El calendario me obliga a reparar en los 75 años que pasaron ya desde aquel verano del 42. Y en los 35 años que también pasaron desde que entré por primera vez a la casona de Rodríguez Peña, que resultó ser –como me permitió descubrir mi análisis– una réplica casi exacta de la casa de mis primos a los que me fascinaba visitar, tanto a mí como a mi hermano, cuando nuestros padres nos traían desde el lejano oeste donde vivíamos entonces. No hizo falta mucho tiempo para que supiera que la verdadera causa de ese amor por la casa de mis primos que estaba a pocas cuadras de Rodríguez Peña 1674 no eran ellos ni tampoco el increíble metegol en el que nos pasábamos las horas jugando con pasión. Era su hermana mayor, mi prima Amparo y sus trenzas.

Creo no equivocarme si pienso que siguen siendo esos objetos-trenzas, esos de los que habla Homero Expósito en la letra del tango homónimo o los que finalmente colocó Lacan en el centro de su nudo borromeo, los que siguen trayendo a la vieja casona de Rodríguez Peña a sus nuevos visitantes.
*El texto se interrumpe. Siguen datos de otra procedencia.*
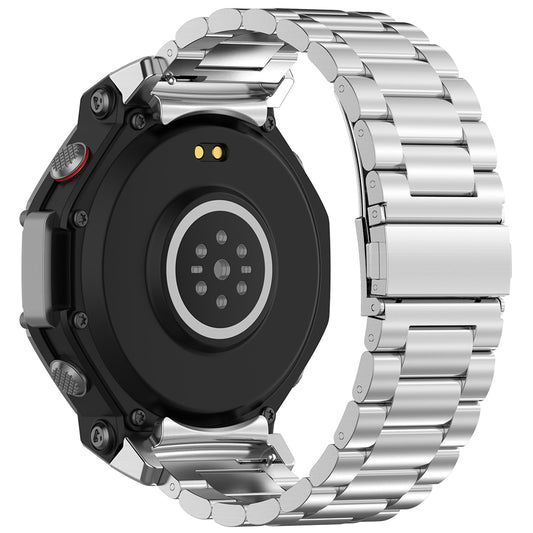 Techsuit W010 reim for Amazfit T-Rex 3, Sølv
Aunque todo tiene hoy menos intensidad. Y menos rebeldía. Estamos muy tomados por las urgencias de una época en la que se impone el rigor de un sistema antropófago sumamente perfeccionado.
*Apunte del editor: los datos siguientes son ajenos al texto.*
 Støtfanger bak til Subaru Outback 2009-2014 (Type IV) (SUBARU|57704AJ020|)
El número 75 hace que levante mi mirada hacia el horizonte del siglo de vida que ya pronto cumplirá la APA. Soy optimista.

Estos 75 años no son poco pero tampoco mucho para encarar la tarea que se nos impone: renovar la apuesta del psicoanálisis, sostener su trasmisión, rechazar los cantos de sirena del discurso adaptativo, del goce idiota de lo efímero.

No me cuento entre los que rechazan los avances de la modernidad. Al contrario, hago uso de muchos de sus recursos y, a veces abuso, como con Spotify. Pero tampoco me cuento entre aquellos que en nombre de algún bien superior empujan hacia un psicoanálisis devenido en herramienta sofisticada de la alienación subjetiva. Para ello el mismo psicoanálisis es mi mejor antídoto.

Hago votos porque la casona de Rodríguez Peña siga siendo un gran laboratorio donde se trabaja para reinventar la fórmula de ese suero. En palabras de Rimbaud -que nos recuerda Alain Badiou en su último libro- el suero de “la verdadera vida”.